Tear Strength
Definition and Distinction
Tear strength (in many data sheets also called tensile strength for elastomers) describes which maximum tensile stress a material can withstand in a tensile test before it tears or breaks. A tensile stress is the force per area — that is, how strongly a material is pulled, referenced to its cross-section. Tear strength is therefore stated as a stress, usually in MPa (megapascals).
In sealing technology, this parameter helps to understand how load-bearing an elastomer is under tensile and elongation loading — for example during installation or during short-term over-stretching. Important is the classification: the value applies to an undamaged specimen under defined laboratory conditions.
Tear Strength vs. Tear Propagation Resistance
In practice, tear strength is frequently confused with tear propagation resistance. Tear propagation resistance describes how easily an existing crack or cut grows further. It is tested with pre-damaged specimens and is frequently stated in N/mm or kN/m, because the geometry of the crack co-determines the assessment.

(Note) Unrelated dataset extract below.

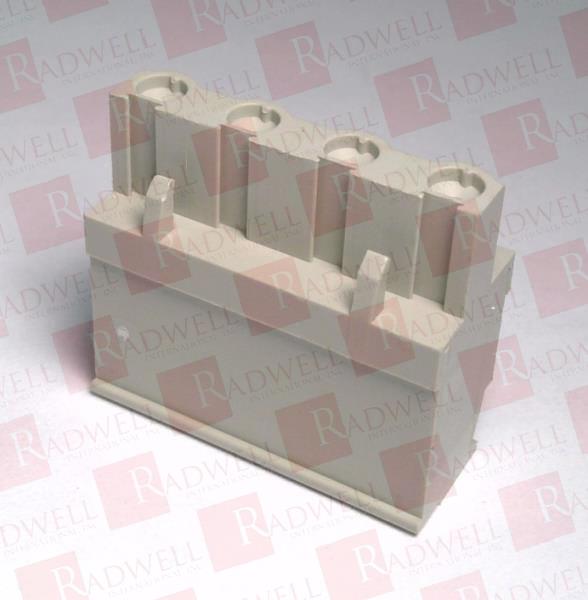 WIELAND 25.386.0453.0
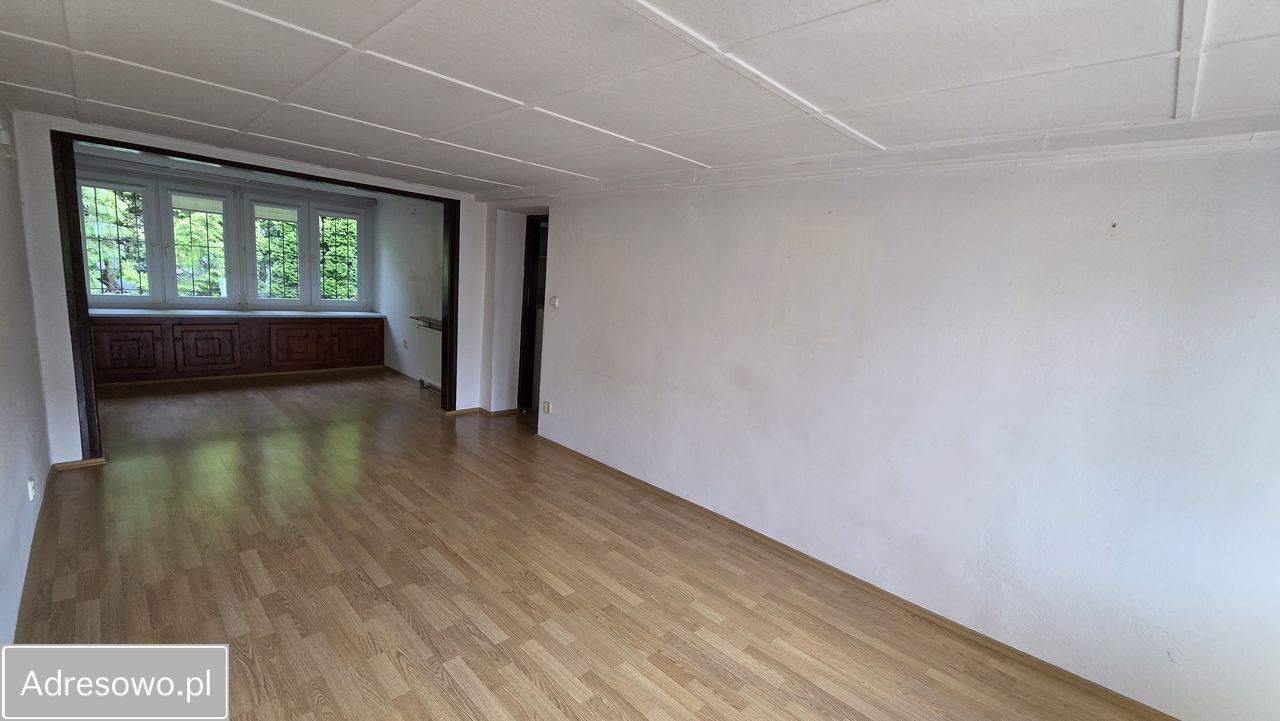 dom wolnostojący, 5 pokoi Warszawa Mokotów, ul. Miączyńska. Zdjęcie 6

Particularly for seals, tear propagation resistance is often more critical, because small notches, installation marks, or edge contacts can start a crack. Then a high tear strength alone says little about whether the seal resists crack propagation.
| Parameter | What is considered? | Specimen | Typical unit | Practical relevance for seals |
|---|---|---|---|---|
| Tear strength (tensile strength) | Maximum tensile stress up to fracture | Undamaged | MPa | Installation and elongation loading |
| Tear propagation resistance | Growth of an existing crack | Pre-damaged | N/mm, kN/m | Notches, cuts, edges, crack propagation |
Testing and Standards (Elastomers in Sealing Technology)
For elastomers, tear strength is determined in the tensile test. A standardized specimen is stretched at a defined speed until it breaks. Frequently used standards are ISO 37 and ASTM D412. The results are only meaningfully comparable when standard, specimen shape, and test conditions match.
Why is this important? Elastomers react sensitively to test parameters. Even the test speed or the specimen shape can shift the measured maximum value. A data sheet should therefore name, alongside the numerical value, also the underlying standard.
What Exactly Is Evaluated?
In the tensile test, different points can be reported. Customary is the maximum tensile stress shortly before fracture. Some sources, instead, cite the stress at fracture, which depending on material behavior can be practically similar but is not always identical. For technical assessment, the following therefore counts: which definition was used and according to which standard was testing carried out? Without this information, numerical values are hard to classify.
Relationship with Elongation at Break and Further Tensile Parameters
For sealing materials, tear strength is almost always given together with the elongation at break. Elongation at break is the percentage change in length that a specimen reaches until it tears. Both values complement each other, because they describe different aspects of failure.
An elastomer can have a high tear strength and nevertheless react unfavorably when elongation at break is low. Then it tends to break brittly under elongation — that is, with little warning through deformation. Conversely, a high elongation at break with moderate tear strength can point to a material that can stretch strongly but fails earlier under high tensile stress.
From the same tensile test, further parameters frequently arise — for example the stress at a defined elongation (often referred to as modulus or stress at given elongation). These values help to classify stiffness at or elongation, which can be relevant for the installation behavior of a seal.
Practical Relevance for Seals and Influencing Factors
Tear strength is particularly relevant in sealing technology when a seal is over-stretched during installation — for example when pulling over edges, when inserting into grooves, or with component geometries that have unfavorable radii. In operation, pressure cycles and small relative motions additionally act and can generate local elongations. Whether a tear arises from this depends on several factors, but tear strength provides a first indication of the fracture reserve under tension.
The parameter is also state-dependent. Temperature, media contact, and aging can change the material — for example through plasticizer loss, post-cross-linking, or swelling. As a result, tear strength can rise or drop, and elongation at break frequently changes with it. In test reports, values before and after storage (heat aging, media storage) are therefore often compared in order to better estimate suitability for the planned environment.
For practical selection, the following applies: tear strength is helpful when the seal is mainly endangered by tension and elongation. As soon as notches, cuts, or crack initiation sites are likely, tear propagation resistance should be considered at least equally. With complex installation and media conditions, specialized material and sealing consultation can be sensible.